In order to make it work without polluting the code-base I find that I have to move the persistence into injectable strategy, which makes it good anyway. If you keep passing in `if dry_run:` everywhere you're screwed.
Also, if I'm being honest, it's much better to use `--wet-run` for the production run than to ask people to run `--dry-run` for the test run. Less likely to accidentally fire off the real stuff.
I don't want to have to type rm --wet-run tempfile.tmp every time, or mkdir -p --yes-really-do-it /usr/local/bin
The program should default to actually doing whatever thing you're asking it to do.
On the other hand it would be great if every tool had an --undo argument that would undo the last thing that program did.

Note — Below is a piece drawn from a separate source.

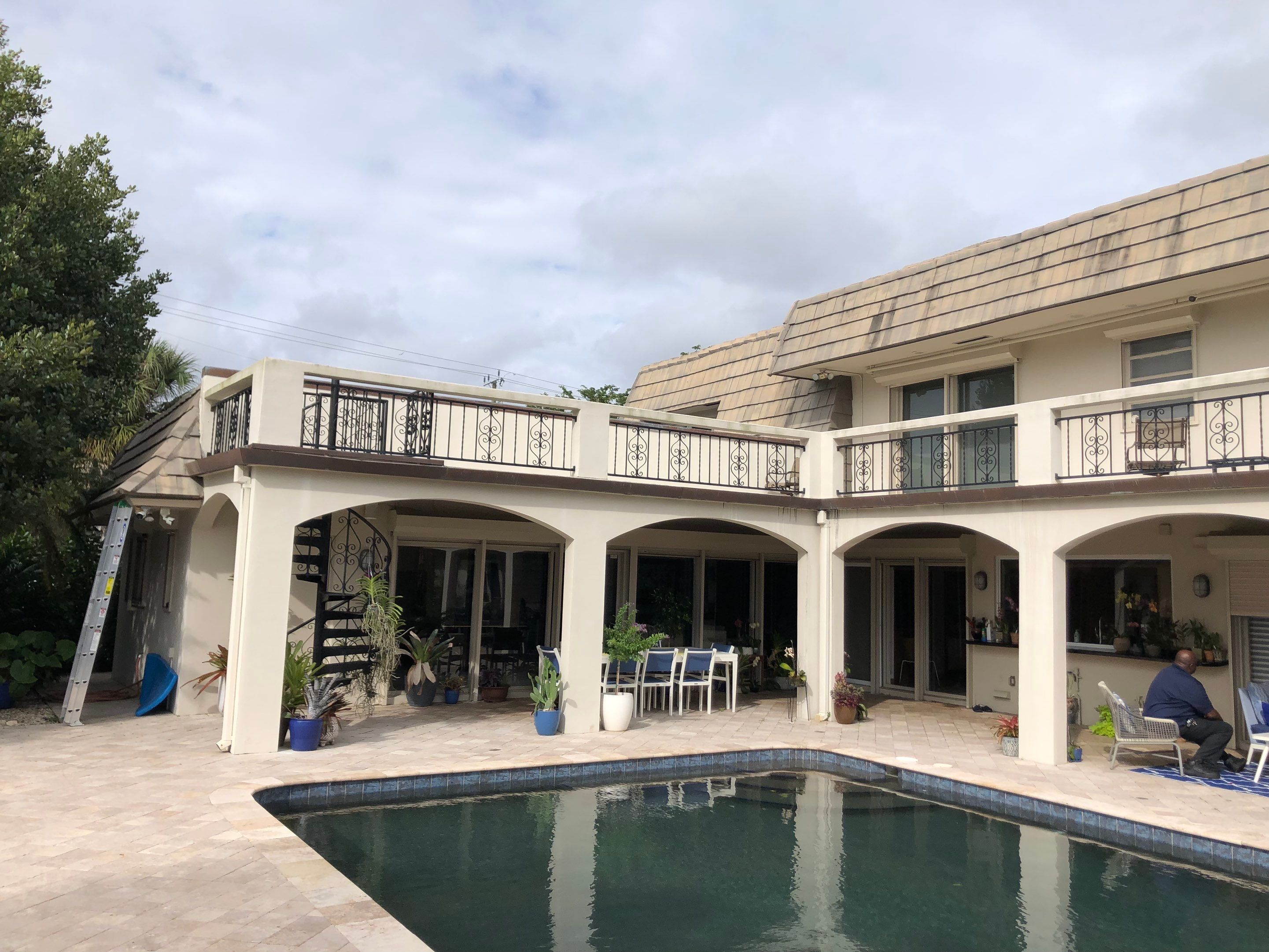 Amazing TPO flat deck re-roof with Eagle mansard in Hollywood Florida.  by First Due Roofing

I don't like the sound of `--wet-run`, but on more than one occasion I've written tools (and less frequently services) that default to `dry-run` and require `--no-dry-run` to actually make changes.
For services, I prefer having them detect where they are running. Ie if it's running in a dev environment, it's going to use a dev db by default.
this is where design patterns come in handy even tho folks roll their eyes at it.
One nice way to do things, if you can get away with it, is to model the actions your application takes explicitly, and pass them to a central thing that actually handles them. Then there can be one place in your code that actually needs to understand whether it's doing a dry run or not. Ideally this would be just returning them from your core logic, "functional core, imperative shell" style.